A general task for a security analyst might be finding all files with the setuid bit set on a system. You can try this yourself, but return to a vagrant shell first so that you're allowed to use sudo:
sudo find / -perm /4000
You might get some errors relating to /proc
files, which you can ignore: these are subprocesses that find uses to look at individual files.
Apart from message-brian
, you'll find a few files by default: sudo
, mount
, umount
and su
. The first one you already know; look up what the next two do and think about why they are setuid. Specifically, what kinds of (un)mounting are non-root users allowed to do according to the manual pages?
Look up the passwd
program in the manual pages. Why might that program need to be setuid?
Sudo
Make sure your terminal is running as brian
and try a sudo ls
. You will see a general message, you will be asked for your password, and then you will get the error brian is not in the sudoers file. This incident will be reported.

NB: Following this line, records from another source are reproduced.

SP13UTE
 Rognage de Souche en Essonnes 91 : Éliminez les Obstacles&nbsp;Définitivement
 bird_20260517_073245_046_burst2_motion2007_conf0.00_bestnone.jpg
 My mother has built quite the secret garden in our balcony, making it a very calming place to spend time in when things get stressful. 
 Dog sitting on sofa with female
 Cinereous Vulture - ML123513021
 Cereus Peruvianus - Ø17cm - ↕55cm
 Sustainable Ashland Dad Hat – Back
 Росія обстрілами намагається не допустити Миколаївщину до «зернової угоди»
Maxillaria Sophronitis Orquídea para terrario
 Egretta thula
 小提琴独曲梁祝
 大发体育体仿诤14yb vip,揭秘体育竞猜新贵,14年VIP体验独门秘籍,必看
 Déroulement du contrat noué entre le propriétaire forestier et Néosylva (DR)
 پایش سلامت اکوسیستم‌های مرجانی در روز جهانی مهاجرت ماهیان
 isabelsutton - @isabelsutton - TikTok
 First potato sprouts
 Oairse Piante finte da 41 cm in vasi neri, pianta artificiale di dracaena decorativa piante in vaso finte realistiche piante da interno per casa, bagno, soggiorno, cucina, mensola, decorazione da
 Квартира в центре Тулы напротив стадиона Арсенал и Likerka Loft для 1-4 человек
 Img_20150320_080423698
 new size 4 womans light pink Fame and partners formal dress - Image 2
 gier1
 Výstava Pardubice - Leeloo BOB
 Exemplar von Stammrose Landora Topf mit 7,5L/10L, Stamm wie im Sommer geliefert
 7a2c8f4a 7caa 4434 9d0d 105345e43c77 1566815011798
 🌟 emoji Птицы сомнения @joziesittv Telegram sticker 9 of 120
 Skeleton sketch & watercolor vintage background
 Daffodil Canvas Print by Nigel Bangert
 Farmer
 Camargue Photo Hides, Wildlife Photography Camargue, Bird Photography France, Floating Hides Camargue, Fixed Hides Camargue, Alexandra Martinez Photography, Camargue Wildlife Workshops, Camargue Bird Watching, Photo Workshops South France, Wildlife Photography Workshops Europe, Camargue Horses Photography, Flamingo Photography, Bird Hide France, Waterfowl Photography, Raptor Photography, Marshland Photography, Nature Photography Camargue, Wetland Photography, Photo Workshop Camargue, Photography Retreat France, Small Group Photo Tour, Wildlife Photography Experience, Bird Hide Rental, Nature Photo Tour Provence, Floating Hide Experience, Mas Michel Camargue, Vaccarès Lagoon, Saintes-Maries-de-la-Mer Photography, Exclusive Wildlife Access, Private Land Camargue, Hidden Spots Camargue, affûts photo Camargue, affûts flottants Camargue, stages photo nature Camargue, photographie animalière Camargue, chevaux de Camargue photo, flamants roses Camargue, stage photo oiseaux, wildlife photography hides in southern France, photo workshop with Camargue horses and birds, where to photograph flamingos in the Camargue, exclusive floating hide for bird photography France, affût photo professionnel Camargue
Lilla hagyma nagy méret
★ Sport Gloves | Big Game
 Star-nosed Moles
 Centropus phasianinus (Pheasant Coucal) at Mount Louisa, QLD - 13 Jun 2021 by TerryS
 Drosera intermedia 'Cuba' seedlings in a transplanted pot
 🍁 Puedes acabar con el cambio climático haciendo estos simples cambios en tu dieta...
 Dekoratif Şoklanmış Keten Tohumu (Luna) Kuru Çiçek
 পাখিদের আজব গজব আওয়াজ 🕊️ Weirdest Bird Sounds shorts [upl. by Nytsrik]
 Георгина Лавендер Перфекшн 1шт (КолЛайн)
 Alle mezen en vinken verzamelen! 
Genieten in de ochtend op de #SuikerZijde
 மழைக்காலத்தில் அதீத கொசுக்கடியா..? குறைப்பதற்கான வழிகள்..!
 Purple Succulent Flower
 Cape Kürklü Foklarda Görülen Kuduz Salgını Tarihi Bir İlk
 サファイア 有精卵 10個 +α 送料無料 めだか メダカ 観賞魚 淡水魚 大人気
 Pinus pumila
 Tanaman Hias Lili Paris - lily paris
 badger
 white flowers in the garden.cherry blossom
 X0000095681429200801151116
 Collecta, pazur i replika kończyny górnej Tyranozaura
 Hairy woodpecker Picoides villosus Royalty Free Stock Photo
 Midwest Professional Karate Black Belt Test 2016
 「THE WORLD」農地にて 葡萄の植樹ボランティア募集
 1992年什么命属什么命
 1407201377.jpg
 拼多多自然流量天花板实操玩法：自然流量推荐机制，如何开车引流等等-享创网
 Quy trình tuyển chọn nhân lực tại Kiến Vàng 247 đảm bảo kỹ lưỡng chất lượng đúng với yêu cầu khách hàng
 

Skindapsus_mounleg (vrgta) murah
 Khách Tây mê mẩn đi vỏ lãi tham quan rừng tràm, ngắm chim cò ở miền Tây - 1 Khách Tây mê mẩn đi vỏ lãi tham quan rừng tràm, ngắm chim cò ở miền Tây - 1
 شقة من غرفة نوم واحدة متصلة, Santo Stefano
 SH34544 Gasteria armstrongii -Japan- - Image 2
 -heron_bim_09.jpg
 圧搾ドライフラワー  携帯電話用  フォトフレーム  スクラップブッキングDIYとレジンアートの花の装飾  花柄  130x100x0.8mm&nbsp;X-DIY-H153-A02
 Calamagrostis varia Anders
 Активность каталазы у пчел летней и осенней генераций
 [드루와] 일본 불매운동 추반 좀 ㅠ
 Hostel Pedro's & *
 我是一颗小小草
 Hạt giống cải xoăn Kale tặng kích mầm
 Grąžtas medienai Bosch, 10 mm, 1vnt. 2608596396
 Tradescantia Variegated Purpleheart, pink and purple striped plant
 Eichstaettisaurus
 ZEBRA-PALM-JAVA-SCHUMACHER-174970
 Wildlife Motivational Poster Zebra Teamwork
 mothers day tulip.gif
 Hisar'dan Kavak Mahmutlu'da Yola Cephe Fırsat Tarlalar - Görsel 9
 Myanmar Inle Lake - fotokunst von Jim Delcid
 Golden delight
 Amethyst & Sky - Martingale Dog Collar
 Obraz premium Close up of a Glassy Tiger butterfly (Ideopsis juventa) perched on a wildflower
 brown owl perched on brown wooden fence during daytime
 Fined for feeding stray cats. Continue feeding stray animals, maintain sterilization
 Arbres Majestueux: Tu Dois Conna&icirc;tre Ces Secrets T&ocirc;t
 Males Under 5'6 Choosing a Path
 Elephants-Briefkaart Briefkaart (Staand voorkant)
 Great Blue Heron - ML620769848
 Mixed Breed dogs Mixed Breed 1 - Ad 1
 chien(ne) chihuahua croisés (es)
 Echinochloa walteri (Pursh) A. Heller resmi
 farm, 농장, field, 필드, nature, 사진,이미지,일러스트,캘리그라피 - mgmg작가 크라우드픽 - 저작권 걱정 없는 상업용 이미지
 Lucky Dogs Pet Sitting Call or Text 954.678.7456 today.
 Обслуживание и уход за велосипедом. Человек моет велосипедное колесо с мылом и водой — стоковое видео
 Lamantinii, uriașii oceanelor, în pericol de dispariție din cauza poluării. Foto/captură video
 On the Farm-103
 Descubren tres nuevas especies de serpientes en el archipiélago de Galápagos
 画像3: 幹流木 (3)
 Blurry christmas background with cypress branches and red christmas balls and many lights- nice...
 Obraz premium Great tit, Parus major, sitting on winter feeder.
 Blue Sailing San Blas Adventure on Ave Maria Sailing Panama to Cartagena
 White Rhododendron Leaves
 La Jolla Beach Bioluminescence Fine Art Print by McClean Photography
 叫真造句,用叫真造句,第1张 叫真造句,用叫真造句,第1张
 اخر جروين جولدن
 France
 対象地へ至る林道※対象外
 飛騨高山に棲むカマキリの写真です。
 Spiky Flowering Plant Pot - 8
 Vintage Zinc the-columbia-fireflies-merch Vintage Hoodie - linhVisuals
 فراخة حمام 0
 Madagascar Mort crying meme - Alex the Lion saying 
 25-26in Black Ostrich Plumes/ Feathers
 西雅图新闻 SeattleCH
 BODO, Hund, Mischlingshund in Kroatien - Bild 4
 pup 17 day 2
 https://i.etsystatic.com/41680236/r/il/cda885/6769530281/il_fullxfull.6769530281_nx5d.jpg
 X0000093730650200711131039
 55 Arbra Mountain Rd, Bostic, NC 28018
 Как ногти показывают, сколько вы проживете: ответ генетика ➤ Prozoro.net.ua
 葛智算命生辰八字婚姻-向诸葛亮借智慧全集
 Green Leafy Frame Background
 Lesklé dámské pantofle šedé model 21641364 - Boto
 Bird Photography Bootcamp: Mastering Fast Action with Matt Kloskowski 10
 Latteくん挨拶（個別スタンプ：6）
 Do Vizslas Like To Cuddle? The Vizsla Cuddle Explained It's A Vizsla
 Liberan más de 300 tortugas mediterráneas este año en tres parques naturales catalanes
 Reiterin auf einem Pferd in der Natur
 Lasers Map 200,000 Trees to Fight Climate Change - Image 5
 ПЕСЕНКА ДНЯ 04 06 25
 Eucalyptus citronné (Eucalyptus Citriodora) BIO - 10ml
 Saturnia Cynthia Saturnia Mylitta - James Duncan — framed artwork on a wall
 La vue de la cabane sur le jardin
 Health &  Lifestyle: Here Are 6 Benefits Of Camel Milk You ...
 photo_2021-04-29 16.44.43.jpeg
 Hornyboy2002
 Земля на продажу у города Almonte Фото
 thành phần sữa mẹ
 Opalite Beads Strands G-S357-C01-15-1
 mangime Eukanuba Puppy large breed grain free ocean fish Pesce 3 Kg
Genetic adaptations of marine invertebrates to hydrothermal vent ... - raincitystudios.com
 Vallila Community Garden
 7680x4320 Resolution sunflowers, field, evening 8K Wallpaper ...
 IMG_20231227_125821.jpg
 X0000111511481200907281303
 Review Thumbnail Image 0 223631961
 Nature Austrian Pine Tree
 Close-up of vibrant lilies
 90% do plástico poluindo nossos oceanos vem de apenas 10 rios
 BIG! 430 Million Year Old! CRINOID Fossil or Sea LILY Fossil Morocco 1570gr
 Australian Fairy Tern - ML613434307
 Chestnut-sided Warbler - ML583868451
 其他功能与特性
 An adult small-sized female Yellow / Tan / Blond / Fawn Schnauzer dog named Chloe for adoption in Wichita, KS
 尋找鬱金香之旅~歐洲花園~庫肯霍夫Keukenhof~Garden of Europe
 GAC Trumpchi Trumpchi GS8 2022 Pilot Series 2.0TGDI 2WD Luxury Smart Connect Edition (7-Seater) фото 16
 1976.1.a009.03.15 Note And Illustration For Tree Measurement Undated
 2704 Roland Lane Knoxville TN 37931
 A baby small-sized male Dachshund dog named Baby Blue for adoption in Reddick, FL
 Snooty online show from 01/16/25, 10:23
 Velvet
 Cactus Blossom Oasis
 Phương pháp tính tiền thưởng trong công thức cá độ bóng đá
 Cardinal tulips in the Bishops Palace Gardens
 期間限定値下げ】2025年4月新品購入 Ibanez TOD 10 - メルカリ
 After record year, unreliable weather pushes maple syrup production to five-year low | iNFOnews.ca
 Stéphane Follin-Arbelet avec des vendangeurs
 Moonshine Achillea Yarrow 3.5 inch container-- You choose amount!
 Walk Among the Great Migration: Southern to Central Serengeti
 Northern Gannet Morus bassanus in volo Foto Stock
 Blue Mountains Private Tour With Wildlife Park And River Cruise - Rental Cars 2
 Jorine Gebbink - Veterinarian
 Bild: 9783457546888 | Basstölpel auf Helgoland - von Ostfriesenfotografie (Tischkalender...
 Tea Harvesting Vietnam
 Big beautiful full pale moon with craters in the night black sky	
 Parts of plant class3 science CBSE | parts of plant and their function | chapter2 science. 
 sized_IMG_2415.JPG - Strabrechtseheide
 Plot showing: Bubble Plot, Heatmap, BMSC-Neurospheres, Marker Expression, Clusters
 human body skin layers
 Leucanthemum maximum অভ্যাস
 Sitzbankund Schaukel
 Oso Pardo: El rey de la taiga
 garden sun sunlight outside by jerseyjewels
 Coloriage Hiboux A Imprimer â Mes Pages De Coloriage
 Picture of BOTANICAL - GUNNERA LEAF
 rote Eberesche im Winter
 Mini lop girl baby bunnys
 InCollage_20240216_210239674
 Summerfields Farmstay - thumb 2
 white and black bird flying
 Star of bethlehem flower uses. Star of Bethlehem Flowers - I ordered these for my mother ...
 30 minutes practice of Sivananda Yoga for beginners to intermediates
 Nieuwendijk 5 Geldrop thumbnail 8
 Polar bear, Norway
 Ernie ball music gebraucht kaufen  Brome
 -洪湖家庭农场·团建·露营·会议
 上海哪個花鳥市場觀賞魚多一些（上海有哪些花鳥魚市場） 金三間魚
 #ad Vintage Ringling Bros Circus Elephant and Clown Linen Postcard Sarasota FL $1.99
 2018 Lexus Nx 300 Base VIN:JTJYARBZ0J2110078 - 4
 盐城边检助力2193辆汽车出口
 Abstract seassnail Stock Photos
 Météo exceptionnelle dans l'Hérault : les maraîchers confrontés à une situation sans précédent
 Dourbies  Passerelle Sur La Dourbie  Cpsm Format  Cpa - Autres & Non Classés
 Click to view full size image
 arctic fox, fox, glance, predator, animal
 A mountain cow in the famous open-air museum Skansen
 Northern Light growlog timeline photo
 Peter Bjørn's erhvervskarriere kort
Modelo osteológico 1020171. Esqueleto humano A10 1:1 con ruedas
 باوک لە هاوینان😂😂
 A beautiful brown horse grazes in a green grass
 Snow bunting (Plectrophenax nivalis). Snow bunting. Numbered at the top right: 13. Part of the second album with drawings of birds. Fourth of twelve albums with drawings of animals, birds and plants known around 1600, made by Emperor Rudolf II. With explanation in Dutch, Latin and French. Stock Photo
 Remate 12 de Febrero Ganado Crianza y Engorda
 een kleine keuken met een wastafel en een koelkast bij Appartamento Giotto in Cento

(This means that an entry has been logged in /var/log/messages
.)
So, brian
can currently not use sudo. Switch back to vagrant
and run the command sudo cat /etc/sudoers
. Everything is commented out except root ALL=(ALL) ALL
and the last line #includedir /etc/sudoers.d
(this is not a comment!) which contains a single file vagrant
with the line vagrant ALL=(ALL) NOPASSWD: ALL
which is why vagrant can use sudo in the first place.
However, note the commented lines such as
# %wheel ALL=(ALL) NOPASSWD: ALL
# %sudo ALL=(ALL) ALL
If uncommented, the first one would let everyone in group wheel run commands using sudo (this is the default on some other linux distributions), whereas the second one would allow everyone in the group sudo
to do this, but would prompt for their own password beforehand.
Let's allow people in the users group to reboot the machine. Open a root shell with sudo su
as vagrant; this is so we don't get locked out if we break sudo.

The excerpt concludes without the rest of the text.